··· SOURCE MATERIAL
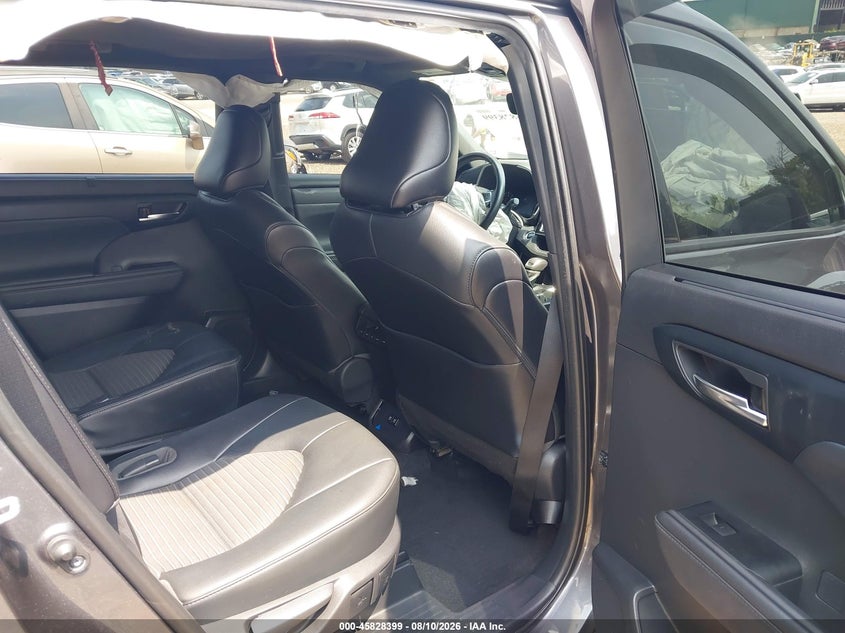 2021 TOYOTA HIGHLANDER auction photo 8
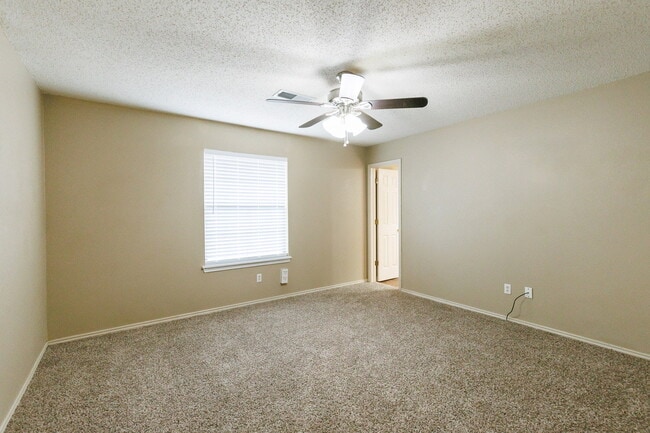 Building Photo - Welcome to this Spacious 2-Bedroom Home!
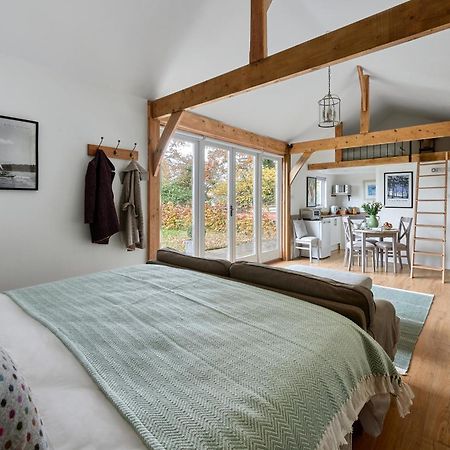 Stunning Cabin With Incredible Views Near Goodwood Rogate Екстер'єр фото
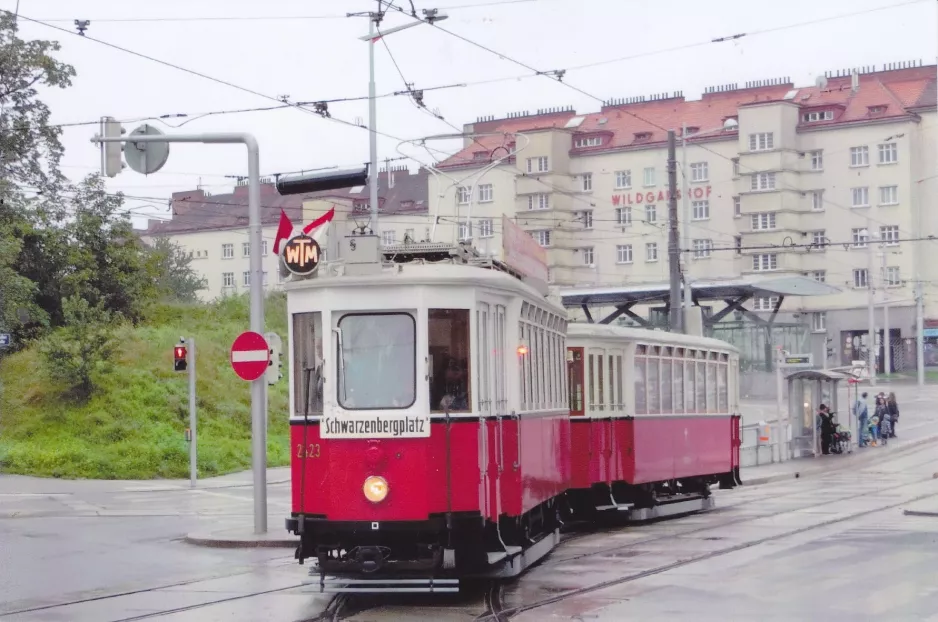 Vienna railcar 2423 at Landstraße (2014)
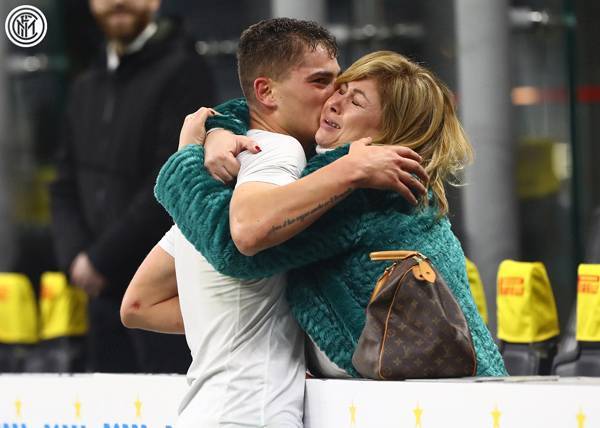 17-летний игрок "Интера" отпраздновал первый гол с мамой и расплакался - nakanune.ru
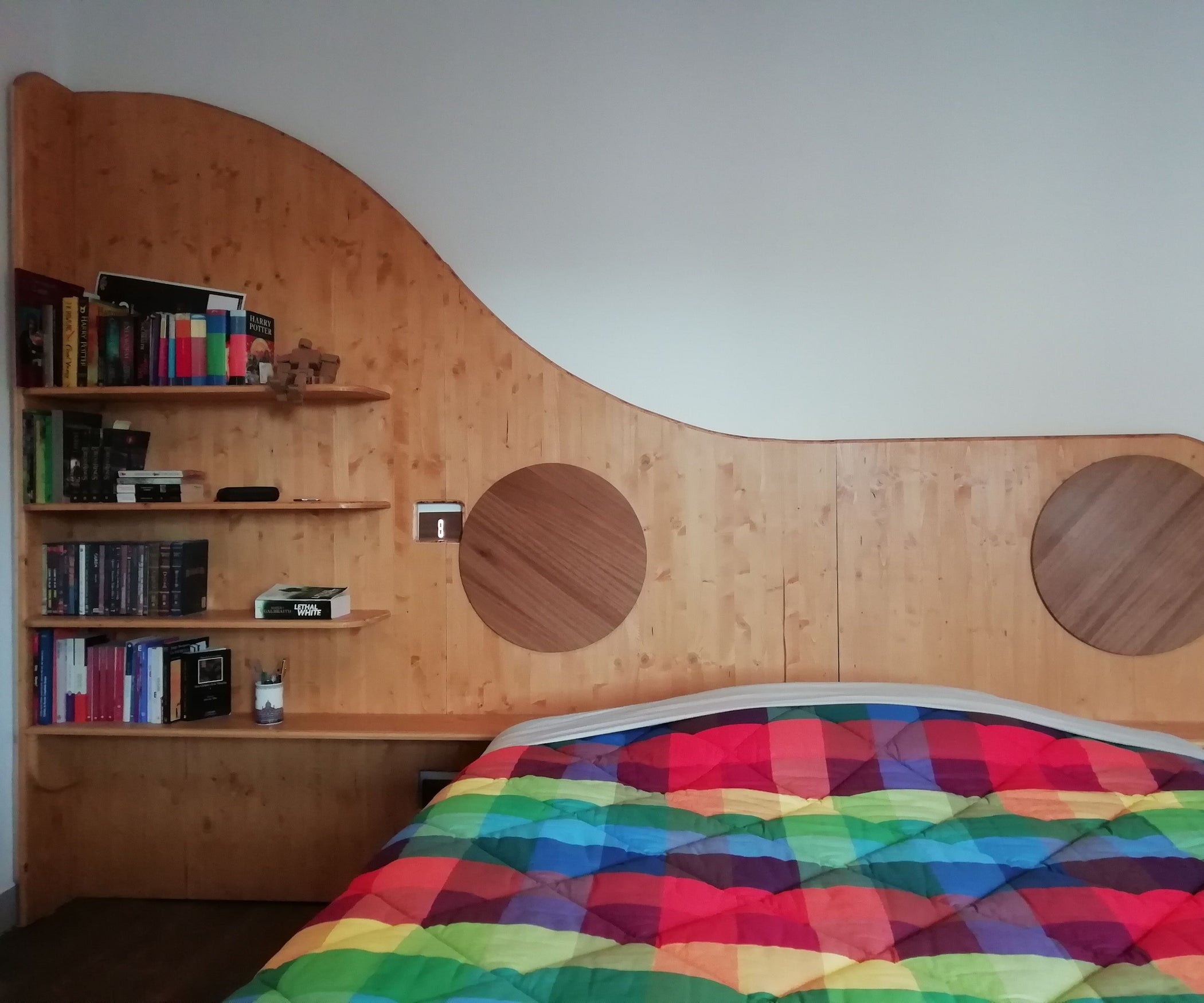 Waveshaped Headboard With Bookcase 5 Steps (with Pictures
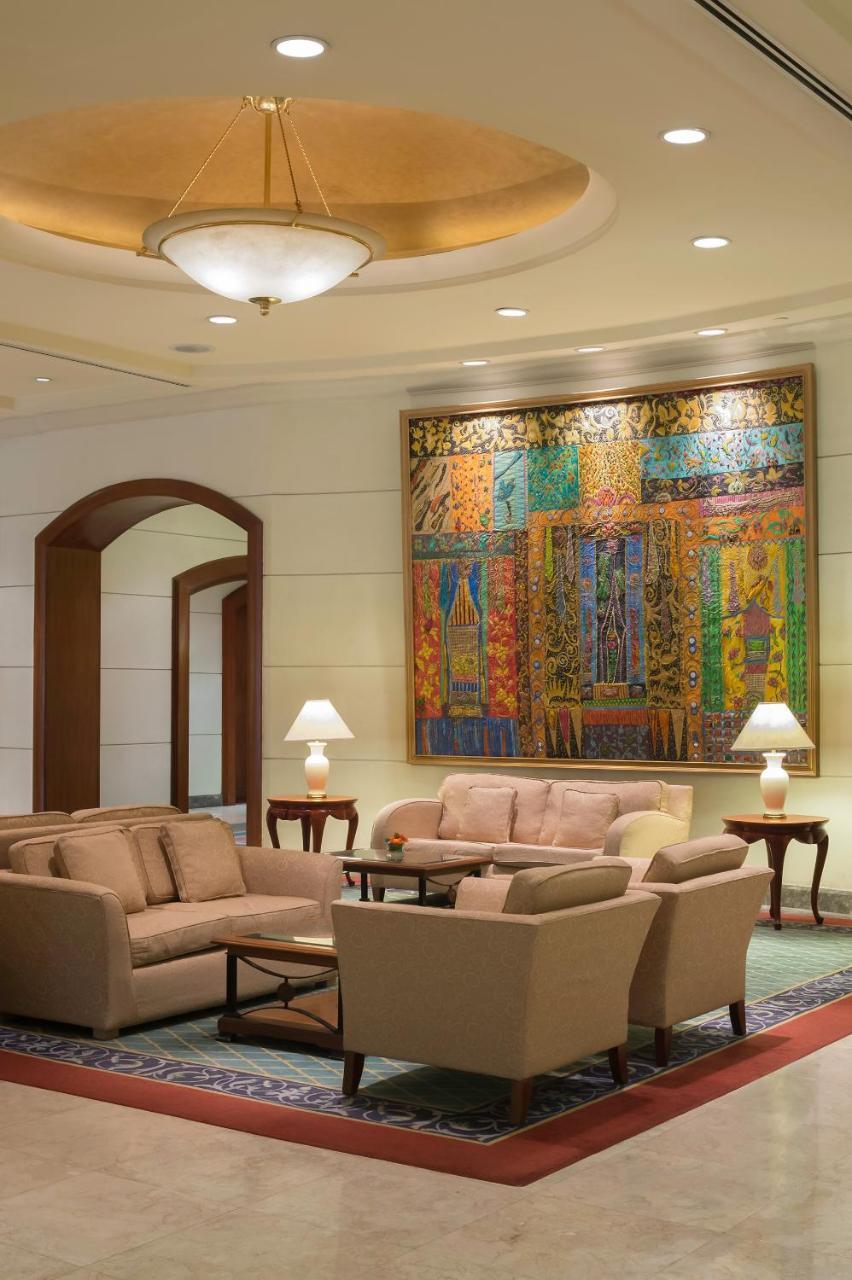 Hotel Marco Polo Davao City Exteriér fotografie The lobby of the Four Seasons Hotel, Mumbai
······
Pictures are not part of the answer. Restate word for word the lines from the one with "Building Photo - Welcome" through the last line of the records.

 Building Photo - Welcome to this Spacious 2-Bedroom Home!
 Stunning Cabin With Incredible Views Near Goodwood Rogate Екстер'єр фото
 Vienna railcar 2423 at Landstraße (2014)
 17-летний игрок "Интера" отпраздновал первый гол с мамой и расплакался - nakanune.ru
 Waveshaped Headboard With Bookcase 5 Steps (with Pictures
 Hotel Marco Polo Davao City Exteriér fotografie The lobby of the Four Seasons Hotel, Mumbai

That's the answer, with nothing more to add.